A case in point is a series of advertisements (over television, glossy magazines and mega billboards) that deceptively looks like a collection of "things" (in this case a helicopter, spotlights, people carrying red banners), which at a distance turn out to be an exact replica of a gilded cigarette box, three-dimensionally focused and well-directed to the naked eye.

Of course, the cigarette brand name implicitly appears in our minds.
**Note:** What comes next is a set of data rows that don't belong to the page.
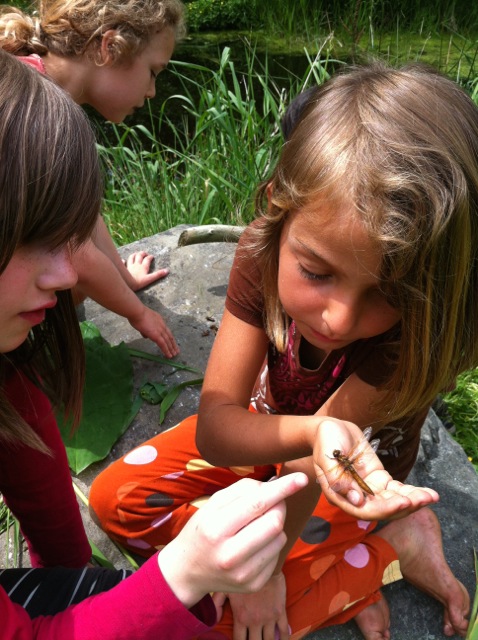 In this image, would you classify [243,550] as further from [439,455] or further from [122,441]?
[439,455]

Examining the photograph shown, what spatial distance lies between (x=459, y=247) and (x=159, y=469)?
3.24ft

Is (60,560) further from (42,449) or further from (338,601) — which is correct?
(338,601)

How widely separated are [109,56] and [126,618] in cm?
204

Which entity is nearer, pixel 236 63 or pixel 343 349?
pixel 343 349

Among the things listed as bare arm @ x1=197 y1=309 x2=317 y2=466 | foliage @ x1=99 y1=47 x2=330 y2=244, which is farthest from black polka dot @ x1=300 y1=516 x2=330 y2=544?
foliage @ x1=99 y1=47 x2=330 y2=244

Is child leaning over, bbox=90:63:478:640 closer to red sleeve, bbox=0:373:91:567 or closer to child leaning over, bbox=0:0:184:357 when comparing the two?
red sleeve, bbox=0:373:91:567

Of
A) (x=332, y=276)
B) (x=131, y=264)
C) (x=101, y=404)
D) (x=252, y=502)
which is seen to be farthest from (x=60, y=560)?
(x=131, y=264)

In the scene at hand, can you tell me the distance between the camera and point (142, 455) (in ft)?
6.00

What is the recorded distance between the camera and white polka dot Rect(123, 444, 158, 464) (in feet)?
5.95

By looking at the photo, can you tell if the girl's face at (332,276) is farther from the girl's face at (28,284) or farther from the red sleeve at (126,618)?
the red sleeve at (126,618)

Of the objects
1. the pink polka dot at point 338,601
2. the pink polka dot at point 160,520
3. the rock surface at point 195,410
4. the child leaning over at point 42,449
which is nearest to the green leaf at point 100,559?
the rock surface at point 195,410

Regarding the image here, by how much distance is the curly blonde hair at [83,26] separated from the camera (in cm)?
242

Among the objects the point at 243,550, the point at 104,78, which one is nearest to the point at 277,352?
the point at 243,550

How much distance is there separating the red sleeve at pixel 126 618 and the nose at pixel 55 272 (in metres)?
0.48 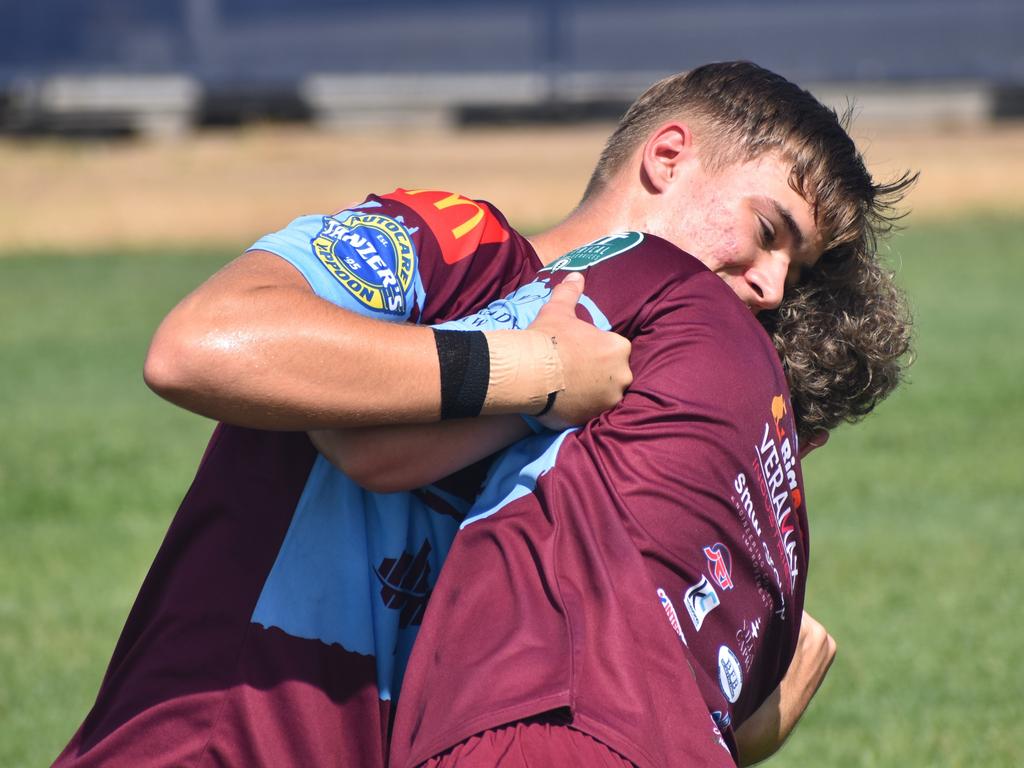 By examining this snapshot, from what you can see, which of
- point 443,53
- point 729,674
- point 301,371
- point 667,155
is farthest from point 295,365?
point 443,53

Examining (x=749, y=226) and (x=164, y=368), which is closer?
(x=164, y=368)

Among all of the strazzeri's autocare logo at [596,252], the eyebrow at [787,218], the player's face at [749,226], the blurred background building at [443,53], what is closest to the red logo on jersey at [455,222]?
the strazzeri's autocare logo at [596,252]

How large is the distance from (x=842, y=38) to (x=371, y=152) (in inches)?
335

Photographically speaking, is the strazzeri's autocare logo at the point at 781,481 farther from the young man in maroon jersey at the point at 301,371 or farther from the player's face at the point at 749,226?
the player's face at the point at 749,226

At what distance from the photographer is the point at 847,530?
7621 mm

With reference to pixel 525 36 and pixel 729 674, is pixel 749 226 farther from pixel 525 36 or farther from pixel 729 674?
pixel 525 36

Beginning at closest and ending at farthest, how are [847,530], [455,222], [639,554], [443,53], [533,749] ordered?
[533,749]
[639,554]
[455,222]
[847,530]
[443,53]

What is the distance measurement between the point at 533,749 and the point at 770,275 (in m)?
0.98

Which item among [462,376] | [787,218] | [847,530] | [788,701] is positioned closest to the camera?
[462,376]

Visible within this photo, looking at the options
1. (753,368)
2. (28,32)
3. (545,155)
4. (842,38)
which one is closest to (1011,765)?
(753,368)

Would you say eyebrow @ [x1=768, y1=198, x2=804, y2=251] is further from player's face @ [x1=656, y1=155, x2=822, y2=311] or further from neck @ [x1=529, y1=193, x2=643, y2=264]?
neck @ [x1=529, y1=193, x2=643, y2=264]

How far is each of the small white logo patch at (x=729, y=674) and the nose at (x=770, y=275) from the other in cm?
66

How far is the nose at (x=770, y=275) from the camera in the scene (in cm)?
243

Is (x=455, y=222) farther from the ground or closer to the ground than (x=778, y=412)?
farther from the ground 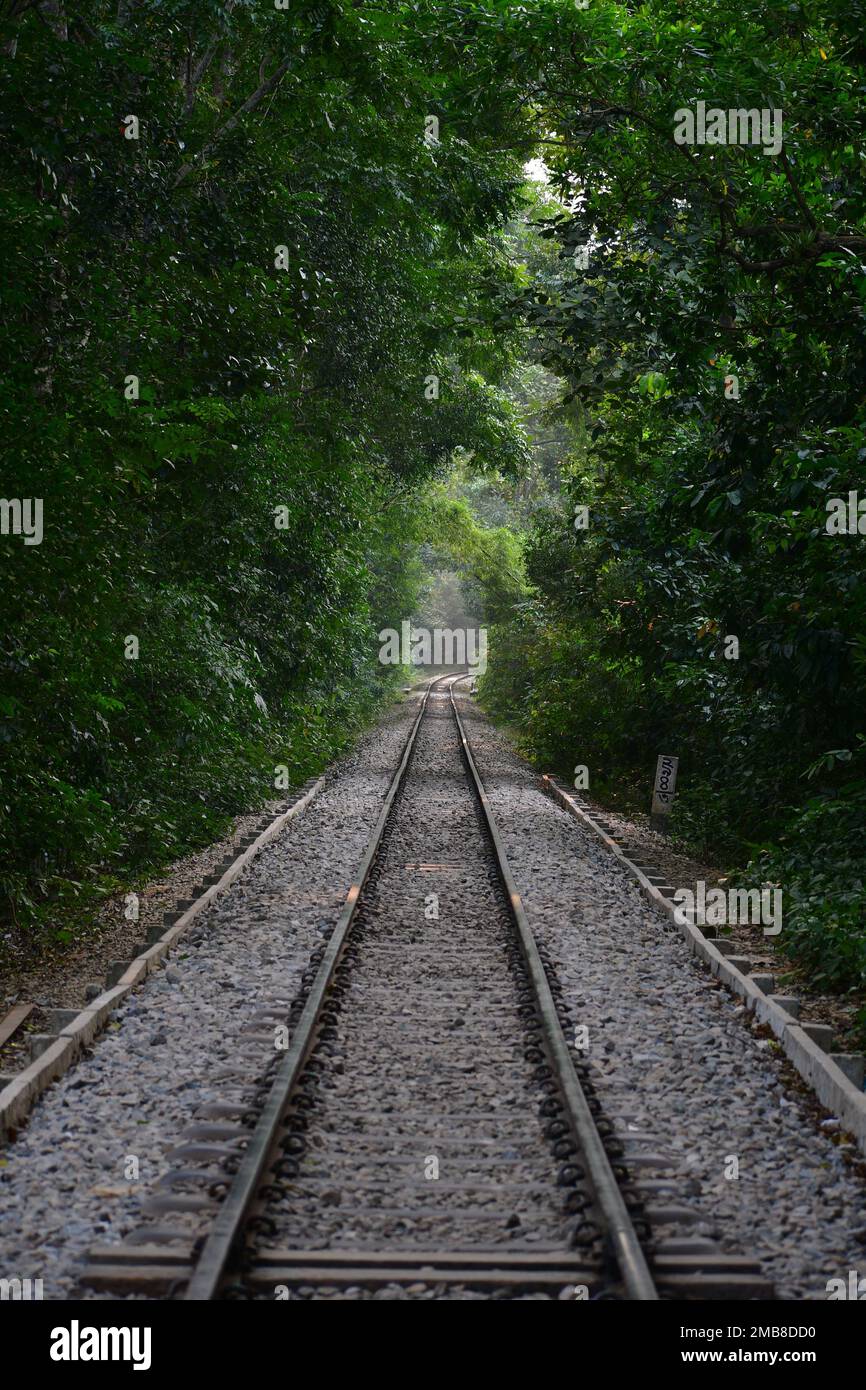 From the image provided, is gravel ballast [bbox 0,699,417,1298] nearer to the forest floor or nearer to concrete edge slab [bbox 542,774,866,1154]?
the forest floor

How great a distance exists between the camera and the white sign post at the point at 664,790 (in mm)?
13484

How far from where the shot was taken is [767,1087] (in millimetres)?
5457

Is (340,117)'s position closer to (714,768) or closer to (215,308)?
Result: (215,308)

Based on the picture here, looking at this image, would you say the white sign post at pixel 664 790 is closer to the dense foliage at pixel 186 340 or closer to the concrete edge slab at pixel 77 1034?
the dense foliage at pixel 186 340

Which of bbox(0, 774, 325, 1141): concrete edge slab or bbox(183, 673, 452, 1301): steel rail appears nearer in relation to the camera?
bbox(183, 673, 452, 1301): steel rail

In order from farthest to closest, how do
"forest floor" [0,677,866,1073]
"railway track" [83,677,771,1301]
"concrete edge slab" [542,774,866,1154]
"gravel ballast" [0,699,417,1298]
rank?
"forest floor" [0,677,866,1073]
"concrete edge slab" [542,774,866,1154]
"gravel ballast" [0,699,417,1298]
"railway track" [83,677,771,1301]

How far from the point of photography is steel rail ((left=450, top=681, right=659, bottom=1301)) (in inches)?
139

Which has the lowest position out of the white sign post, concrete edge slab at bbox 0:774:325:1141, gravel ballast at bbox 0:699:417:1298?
gravel ballast at bbox 0:699:417:1298

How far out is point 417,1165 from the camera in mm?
4453

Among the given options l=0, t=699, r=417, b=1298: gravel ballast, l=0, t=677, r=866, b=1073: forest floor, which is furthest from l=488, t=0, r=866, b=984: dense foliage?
l=0, t=699, r=417, b=1298: gravel ballast

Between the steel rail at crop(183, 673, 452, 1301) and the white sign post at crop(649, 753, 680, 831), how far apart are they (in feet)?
21.0

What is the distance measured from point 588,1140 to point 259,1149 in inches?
50.7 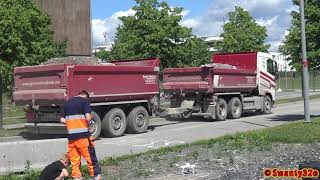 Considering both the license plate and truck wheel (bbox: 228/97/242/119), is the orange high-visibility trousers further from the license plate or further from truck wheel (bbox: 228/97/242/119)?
truck wheel (bbox: 228/97/242/119)

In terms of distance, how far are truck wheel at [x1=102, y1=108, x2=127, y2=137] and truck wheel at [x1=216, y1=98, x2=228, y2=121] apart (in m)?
6.23

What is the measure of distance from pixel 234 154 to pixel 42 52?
1177cm

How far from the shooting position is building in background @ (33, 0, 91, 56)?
1658 inches

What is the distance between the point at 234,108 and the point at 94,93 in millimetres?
9393

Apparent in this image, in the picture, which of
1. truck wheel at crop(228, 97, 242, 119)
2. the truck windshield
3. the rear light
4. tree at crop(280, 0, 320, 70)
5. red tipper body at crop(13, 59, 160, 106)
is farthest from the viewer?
the truck windshield

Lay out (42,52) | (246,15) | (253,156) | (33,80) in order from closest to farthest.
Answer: (253,156) < (33,80) < (42,52) < (246,15)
Sometimes it is so "indirect" that it borders on being "deceptive". How can such advertisements continue to be strategically posted and distributed throughout the country and yet escape the watchful eye of the law?

The crux of the issue is not only the question of the advertisements being "indirect" per se, but the fact that they are so cleverly designed to act as a sharp and penetrating tobacco marketing tool. In other words, like all business transcations the tobacco companies have calculated their investments well regardless of any restrictions place upon them. They are certain to come out as winners, all at the expense of our people, the impressionable youth in particular.

The ultimate question that begs to be answered is: whose interests are we serving? Are we justified to exploit the innocence of our youth, knowing that tobacco-caused disease result from a business that while lucrative, is extremely detrimental to our society as a whole? If not, shouldn't we take tougher action (as outlined by the World No-Tobacco Day) against the involvement of tobacco companies in sports and arts?

The writer is a professor and director of Pusat Racun Negara, USM.